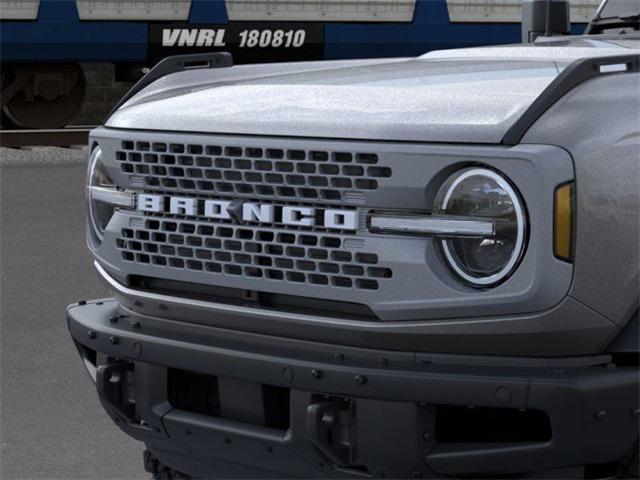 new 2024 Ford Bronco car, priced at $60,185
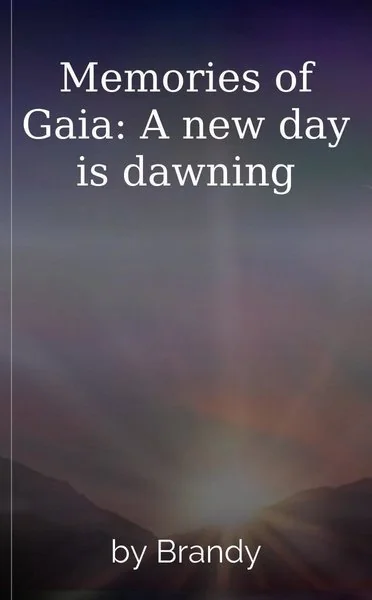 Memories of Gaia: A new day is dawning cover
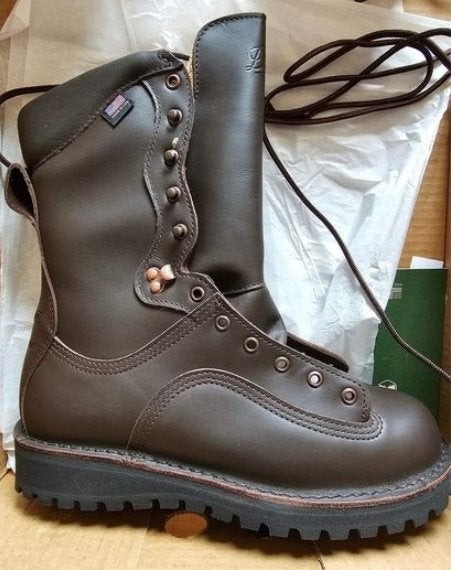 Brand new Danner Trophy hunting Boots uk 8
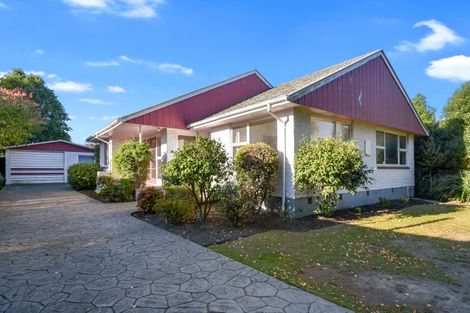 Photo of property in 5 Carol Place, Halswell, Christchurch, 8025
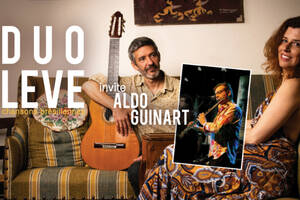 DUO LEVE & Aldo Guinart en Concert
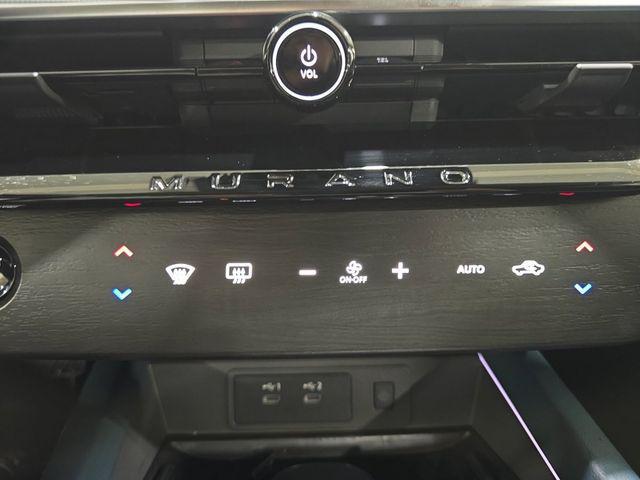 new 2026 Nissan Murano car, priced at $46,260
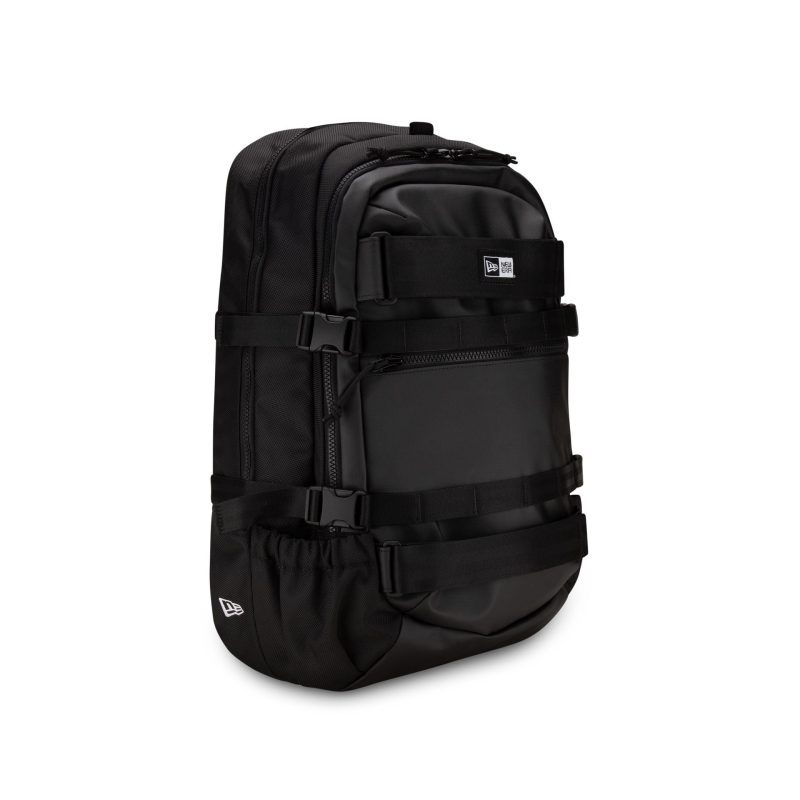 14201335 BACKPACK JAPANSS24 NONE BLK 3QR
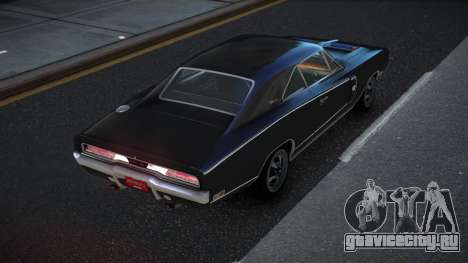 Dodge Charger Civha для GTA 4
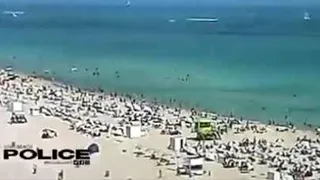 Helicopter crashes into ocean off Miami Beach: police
...
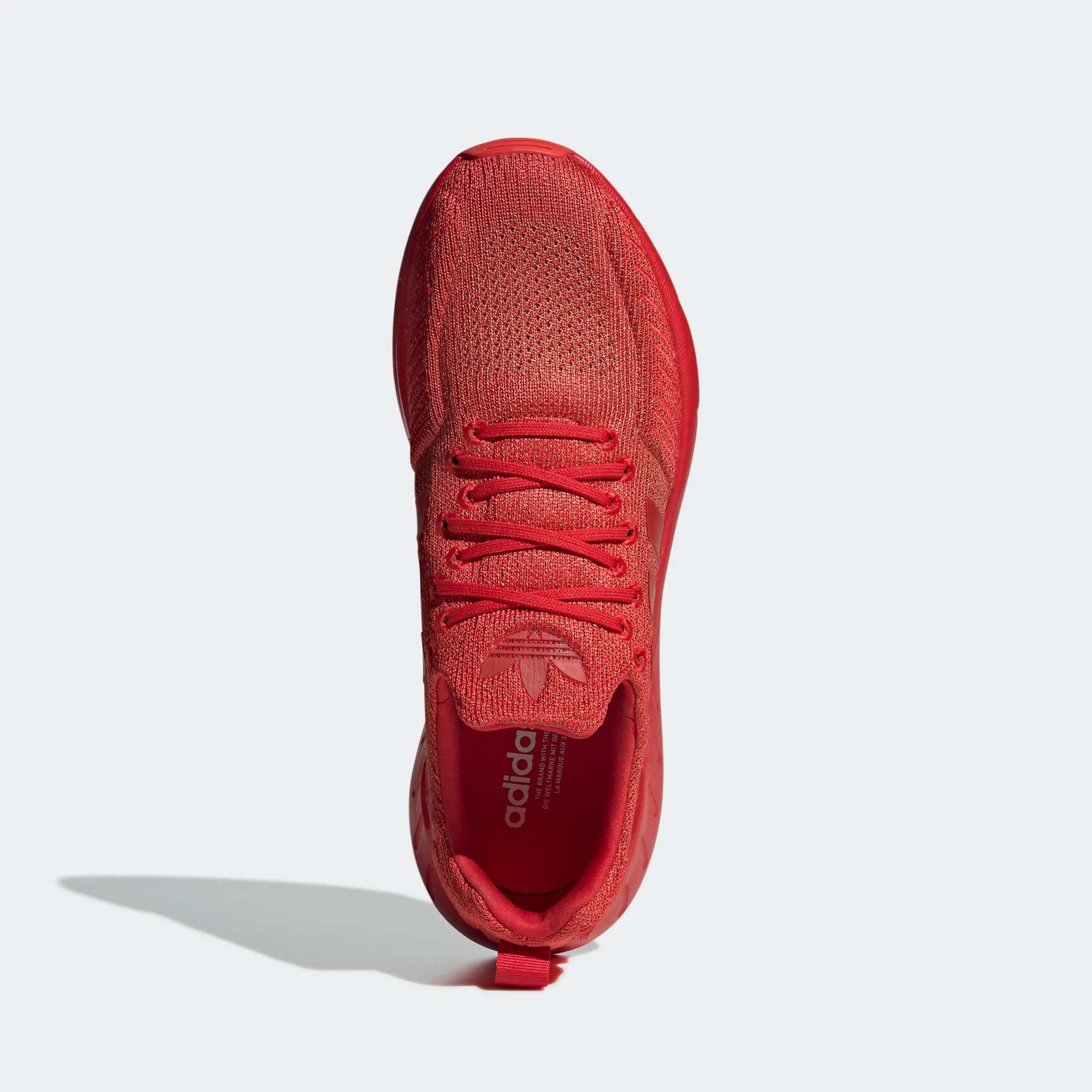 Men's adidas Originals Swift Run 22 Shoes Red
==
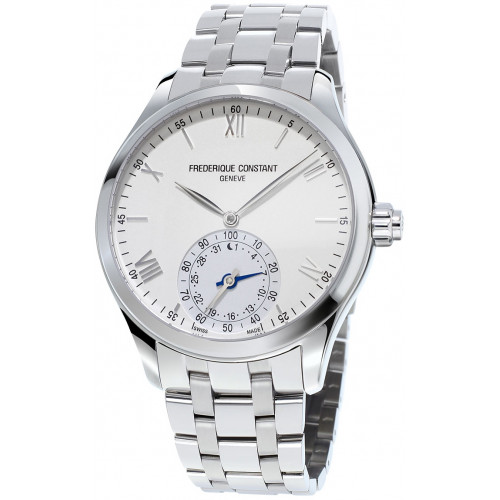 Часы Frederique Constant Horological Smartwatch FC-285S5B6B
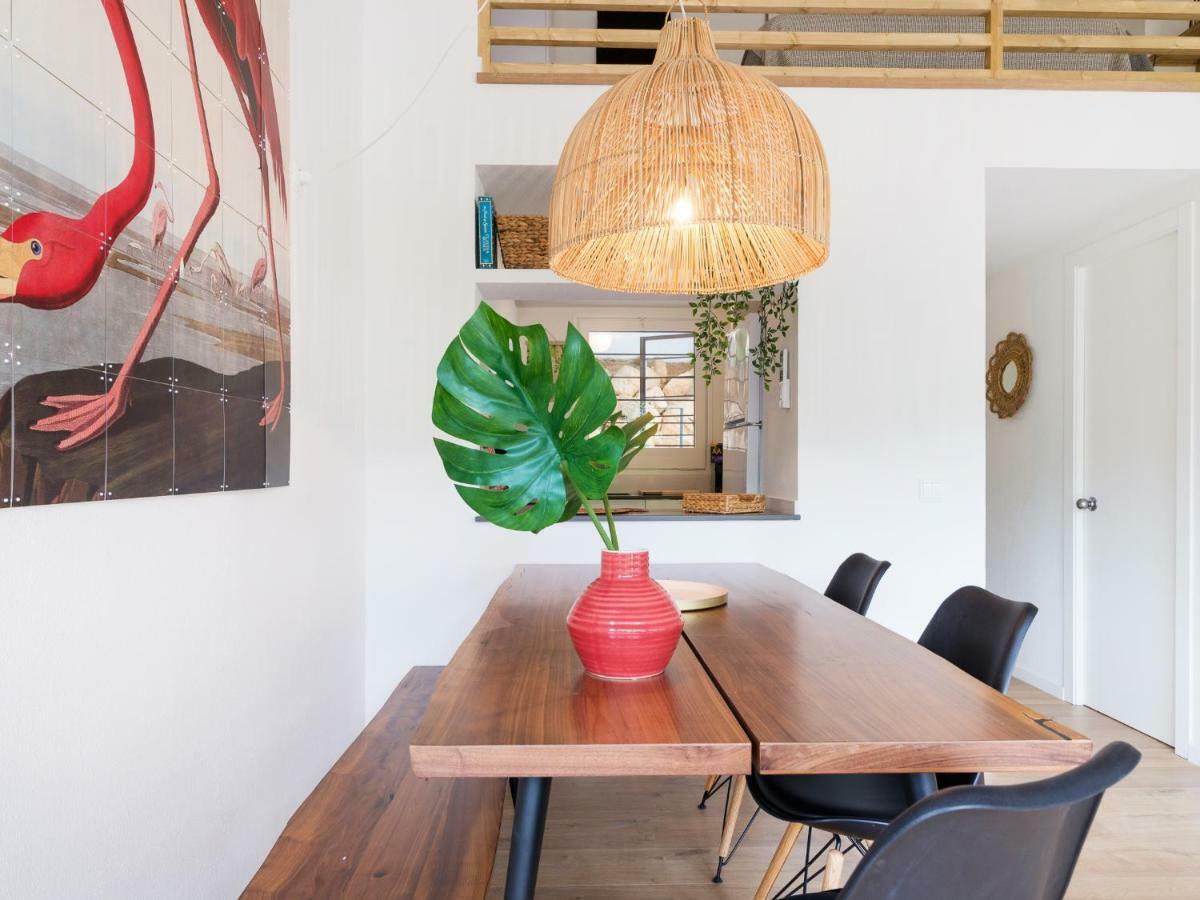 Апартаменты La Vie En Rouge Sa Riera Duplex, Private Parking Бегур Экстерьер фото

INSTRUCTIONS TO FOLLOW:
Your answer should consist of the lines above between those holding "new 2024 Ford Bronco car, priced at $60,185" and "Helicopter crashes into", inclusive, reproduced word for word and without pictures.

EXERCISE SOLUTION:
 new 2024 Ford Bronco car, priced at $60,185
 Memories of Gaia: A new day is dawning cover
 Brand new Danner Trophy hunting Boots uk 8
 Photo of property in 5 Carol Place, Halswell, Christchurch, 8025
 DUO LEVE & Aldo Guinart en Concert
 new 2026 Nissan Murano car, priced at $46,260
 14201335 BACKPACK JAPANSS24 NONE BLK 3QR
 Dodge Charger Civha для GTA 4
 Helicopter crashes into ocean off Miami Beach: police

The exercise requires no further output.